Excerpted records below:
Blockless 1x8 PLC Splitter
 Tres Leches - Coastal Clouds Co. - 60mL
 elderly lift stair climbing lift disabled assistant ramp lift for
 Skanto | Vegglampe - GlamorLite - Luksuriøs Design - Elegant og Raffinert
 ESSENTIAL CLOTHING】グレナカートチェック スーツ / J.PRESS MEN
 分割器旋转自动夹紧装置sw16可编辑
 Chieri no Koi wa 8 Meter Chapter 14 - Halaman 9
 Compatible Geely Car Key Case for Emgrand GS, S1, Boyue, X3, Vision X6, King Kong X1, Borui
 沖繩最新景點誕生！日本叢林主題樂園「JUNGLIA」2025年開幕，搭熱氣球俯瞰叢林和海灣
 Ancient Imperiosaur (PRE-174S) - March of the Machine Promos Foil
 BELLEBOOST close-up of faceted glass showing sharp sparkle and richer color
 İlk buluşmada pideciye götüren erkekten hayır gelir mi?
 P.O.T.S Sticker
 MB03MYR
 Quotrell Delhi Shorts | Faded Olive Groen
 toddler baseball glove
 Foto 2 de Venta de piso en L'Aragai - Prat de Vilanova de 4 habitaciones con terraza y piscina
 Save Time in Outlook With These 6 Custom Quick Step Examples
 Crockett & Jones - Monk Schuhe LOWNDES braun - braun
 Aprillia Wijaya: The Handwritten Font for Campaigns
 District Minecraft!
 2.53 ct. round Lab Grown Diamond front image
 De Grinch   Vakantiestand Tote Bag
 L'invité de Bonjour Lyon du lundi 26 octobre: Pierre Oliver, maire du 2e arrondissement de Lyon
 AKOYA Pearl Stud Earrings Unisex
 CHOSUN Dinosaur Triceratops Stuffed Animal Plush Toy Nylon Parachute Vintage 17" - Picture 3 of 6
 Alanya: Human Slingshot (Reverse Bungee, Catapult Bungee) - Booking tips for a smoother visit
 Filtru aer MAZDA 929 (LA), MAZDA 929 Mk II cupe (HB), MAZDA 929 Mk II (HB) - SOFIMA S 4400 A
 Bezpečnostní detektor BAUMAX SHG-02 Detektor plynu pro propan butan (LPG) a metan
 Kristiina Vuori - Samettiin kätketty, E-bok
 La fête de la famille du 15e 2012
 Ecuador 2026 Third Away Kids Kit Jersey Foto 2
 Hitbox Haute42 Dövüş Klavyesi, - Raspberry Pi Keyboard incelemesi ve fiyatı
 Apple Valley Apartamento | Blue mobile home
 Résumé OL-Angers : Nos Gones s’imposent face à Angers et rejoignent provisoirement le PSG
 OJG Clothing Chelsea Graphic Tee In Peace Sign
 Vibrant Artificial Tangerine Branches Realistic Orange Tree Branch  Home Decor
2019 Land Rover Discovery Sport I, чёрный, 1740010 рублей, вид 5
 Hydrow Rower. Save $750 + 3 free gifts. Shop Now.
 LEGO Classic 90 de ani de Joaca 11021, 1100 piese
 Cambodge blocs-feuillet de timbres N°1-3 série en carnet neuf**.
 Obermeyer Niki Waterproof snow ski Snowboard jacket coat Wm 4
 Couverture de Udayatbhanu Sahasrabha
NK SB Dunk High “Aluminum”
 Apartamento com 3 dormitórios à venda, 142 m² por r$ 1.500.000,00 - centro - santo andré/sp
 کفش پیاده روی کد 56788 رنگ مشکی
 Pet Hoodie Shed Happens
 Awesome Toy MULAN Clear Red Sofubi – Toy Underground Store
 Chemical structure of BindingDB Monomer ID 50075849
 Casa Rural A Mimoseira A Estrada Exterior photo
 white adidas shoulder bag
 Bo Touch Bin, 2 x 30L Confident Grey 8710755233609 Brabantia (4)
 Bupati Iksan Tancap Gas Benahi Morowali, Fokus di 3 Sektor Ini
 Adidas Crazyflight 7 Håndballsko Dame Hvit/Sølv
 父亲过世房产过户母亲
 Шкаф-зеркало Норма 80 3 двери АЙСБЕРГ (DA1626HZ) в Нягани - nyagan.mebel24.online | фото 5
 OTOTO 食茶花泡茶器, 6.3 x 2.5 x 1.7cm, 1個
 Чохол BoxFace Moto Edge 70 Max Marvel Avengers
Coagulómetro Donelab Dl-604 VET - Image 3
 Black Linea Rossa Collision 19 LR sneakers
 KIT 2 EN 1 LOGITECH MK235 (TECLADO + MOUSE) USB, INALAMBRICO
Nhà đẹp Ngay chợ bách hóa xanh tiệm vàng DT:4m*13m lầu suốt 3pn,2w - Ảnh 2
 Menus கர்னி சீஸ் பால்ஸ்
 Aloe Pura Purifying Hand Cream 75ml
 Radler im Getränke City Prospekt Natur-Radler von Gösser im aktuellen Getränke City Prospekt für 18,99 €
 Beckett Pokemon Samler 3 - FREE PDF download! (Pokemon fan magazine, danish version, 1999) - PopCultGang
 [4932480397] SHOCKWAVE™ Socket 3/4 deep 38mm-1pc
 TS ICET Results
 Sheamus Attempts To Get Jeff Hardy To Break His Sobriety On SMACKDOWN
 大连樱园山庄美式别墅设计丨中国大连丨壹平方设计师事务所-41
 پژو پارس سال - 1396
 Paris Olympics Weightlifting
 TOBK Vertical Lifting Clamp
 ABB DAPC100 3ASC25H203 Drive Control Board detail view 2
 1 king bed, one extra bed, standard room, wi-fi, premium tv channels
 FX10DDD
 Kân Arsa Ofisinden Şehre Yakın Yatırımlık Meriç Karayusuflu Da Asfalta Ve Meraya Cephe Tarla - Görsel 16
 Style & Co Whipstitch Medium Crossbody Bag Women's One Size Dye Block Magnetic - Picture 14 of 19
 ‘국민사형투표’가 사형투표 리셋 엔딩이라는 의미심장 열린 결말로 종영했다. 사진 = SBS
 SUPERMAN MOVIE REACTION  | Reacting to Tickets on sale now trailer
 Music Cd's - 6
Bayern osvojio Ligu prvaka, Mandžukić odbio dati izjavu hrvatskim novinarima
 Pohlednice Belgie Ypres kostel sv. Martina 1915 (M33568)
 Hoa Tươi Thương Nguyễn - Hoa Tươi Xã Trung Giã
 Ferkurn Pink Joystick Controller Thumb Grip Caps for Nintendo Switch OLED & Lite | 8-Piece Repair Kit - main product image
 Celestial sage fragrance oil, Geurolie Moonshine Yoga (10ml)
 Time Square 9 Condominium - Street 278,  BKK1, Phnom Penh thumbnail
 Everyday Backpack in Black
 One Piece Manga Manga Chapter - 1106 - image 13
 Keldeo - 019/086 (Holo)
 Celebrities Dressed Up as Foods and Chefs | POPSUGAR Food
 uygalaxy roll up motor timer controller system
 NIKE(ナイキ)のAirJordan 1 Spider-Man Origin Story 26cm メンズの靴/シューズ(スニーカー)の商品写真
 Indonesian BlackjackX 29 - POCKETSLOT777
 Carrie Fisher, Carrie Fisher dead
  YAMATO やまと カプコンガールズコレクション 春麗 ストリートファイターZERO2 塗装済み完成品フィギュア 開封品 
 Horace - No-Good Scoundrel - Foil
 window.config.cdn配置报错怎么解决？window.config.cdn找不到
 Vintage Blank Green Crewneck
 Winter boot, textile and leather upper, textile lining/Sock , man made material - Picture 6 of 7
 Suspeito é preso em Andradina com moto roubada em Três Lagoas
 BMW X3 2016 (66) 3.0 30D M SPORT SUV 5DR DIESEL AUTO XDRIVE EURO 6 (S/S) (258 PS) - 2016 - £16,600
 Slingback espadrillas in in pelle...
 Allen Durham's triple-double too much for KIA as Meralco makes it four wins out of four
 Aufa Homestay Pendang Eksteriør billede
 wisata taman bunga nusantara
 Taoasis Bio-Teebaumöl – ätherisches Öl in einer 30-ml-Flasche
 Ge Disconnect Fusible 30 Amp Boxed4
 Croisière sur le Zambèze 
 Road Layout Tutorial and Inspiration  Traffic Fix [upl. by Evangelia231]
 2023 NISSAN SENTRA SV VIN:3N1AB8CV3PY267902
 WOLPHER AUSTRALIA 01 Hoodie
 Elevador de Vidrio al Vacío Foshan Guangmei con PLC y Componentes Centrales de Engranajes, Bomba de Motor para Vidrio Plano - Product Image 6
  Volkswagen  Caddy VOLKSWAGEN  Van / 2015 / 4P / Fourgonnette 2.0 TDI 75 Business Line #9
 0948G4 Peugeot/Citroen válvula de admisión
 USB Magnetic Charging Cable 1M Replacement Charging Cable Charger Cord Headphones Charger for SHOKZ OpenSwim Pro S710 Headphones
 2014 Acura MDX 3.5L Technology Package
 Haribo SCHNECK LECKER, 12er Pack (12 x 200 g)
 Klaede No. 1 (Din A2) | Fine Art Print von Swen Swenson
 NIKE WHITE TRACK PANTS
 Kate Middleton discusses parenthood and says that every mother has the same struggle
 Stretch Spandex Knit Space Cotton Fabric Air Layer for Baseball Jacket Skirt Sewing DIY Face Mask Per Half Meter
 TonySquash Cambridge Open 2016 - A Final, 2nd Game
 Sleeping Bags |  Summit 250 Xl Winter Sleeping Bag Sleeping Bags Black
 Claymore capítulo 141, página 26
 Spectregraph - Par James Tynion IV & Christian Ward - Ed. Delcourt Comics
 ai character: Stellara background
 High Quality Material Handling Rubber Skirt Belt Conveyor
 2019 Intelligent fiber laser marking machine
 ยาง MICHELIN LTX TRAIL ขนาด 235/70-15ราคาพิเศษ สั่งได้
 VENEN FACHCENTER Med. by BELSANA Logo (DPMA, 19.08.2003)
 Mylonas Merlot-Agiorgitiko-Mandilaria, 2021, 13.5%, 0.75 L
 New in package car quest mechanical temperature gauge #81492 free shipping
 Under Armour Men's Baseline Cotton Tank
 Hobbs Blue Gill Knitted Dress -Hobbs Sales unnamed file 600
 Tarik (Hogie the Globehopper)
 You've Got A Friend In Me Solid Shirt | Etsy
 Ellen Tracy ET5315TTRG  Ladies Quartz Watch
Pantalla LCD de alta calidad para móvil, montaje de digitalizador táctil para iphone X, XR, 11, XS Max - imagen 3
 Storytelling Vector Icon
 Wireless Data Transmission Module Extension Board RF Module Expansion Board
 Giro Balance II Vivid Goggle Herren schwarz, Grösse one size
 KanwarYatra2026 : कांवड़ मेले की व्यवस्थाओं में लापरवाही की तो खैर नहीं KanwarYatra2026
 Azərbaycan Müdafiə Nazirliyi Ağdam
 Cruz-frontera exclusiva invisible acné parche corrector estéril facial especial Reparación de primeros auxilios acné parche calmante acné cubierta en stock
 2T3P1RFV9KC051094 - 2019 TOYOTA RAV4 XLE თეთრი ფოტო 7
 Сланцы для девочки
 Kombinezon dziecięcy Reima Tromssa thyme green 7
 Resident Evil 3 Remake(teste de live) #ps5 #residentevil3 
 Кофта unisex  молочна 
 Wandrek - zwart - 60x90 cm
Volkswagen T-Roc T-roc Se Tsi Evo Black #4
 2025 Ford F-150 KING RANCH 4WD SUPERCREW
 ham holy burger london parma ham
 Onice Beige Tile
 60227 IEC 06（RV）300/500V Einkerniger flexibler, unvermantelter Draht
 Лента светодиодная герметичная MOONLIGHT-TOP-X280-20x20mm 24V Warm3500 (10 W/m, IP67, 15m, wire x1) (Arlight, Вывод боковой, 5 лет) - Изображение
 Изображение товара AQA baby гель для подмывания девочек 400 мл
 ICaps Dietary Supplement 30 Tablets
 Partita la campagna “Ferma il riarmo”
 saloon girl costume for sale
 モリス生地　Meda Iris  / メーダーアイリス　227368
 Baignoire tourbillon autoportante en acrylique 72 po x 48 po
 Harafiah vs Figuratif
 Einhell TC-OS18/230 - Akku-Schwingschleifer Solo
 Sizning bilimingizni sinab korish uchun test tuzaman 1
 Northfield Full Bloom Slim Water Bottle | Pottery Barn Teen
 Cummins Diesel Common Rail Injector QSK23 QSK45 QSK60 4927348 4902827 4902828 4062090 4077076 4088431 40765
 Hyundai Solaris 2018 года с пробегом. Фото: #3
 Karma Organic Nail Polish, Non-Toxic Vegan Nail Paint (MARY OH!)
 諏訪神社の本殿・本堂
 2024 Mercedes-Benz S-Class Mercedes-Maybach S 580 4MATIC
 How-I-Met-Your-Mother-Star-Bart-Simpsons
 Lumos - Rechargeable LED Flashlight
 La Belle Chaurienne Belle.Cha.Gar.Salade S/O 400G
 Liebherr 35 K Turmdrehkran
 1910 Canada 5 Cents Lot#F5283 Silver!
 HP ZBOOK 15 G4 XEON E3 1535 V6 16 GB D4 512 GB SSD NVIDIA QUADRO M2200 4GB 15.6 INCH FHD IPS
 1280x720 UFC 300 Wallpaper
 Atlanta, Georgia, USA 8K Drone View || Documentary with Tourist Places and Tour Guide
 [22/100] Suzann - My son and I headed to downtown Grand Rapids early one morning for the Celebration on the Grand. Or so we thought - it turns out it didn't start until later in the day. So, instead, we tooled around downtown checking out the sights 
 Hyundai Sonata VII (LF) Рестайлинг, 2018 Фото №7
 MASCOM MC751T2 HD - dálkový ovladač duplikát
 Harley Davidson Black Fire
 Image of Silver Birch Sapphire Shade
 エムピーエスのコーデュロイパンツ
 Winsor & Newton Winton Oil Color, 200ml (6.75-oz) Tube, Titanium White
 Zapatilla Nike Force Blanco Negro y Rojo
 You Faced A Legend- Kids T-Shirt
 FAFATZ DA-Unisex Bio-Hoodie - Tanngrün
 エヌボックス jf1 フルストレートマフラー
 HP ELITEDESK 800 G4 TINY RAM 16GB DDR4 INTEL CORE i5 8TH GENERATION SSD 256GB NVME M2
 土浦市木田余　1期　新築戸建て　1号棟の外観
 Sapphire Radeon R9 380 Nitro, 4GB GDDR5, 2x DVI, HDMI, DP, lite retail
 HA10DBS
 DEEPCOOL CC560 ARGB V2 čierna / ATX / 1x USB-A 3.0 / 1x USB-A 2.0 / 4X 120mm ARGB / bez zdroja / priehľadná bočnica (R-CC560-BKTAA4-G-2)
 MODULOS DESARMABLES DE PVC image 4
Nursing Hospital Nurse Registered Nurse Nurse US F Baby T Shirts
End of Excerpted records.
How to complete this task
Look above for the line holding "Stretch Spandex Knit", then set down exactly that line and every line after it up to and including the line holding "Mylonas Merlot-Agiorgitiko-Mandilaria, 2021, 13.5%, 0.75", with nothing else.

Result for this exercise
 Stretch Spandex Knit Space Cotton Fabric Air Layer for Baseball Jacket Skirt Sewing DIY Face Mask Per Half Meter
 TonySquash Cambridge Open 2016 - A Final, 2nd Game
 Sleeping Bags |  Summit 250 Xl Winter Sleeping Bag Sleeping Bags Black
 Claymore capítulo 141, página 26
 Spectregraph - Par James Tynion IV & Christian Ward - Ed. Delcourt Comics
 ai character: Stellara background
 High Quality Material Handling Rubber Skirt Belt Conveyor
 2019 Intelligent fiber laser marking machine
 ยาง MICHELIN LTX TRAIL ขนาด 235/70-15ราคาพิเศษ สั่งได้
 VENEN FACHCENTER Med. by BELSANA Logo (DPMA, 19.08.2003)
 Mylonas Merlot-Agiorgitiko-Mandilaria, 2021, 13.5%, 0.75 L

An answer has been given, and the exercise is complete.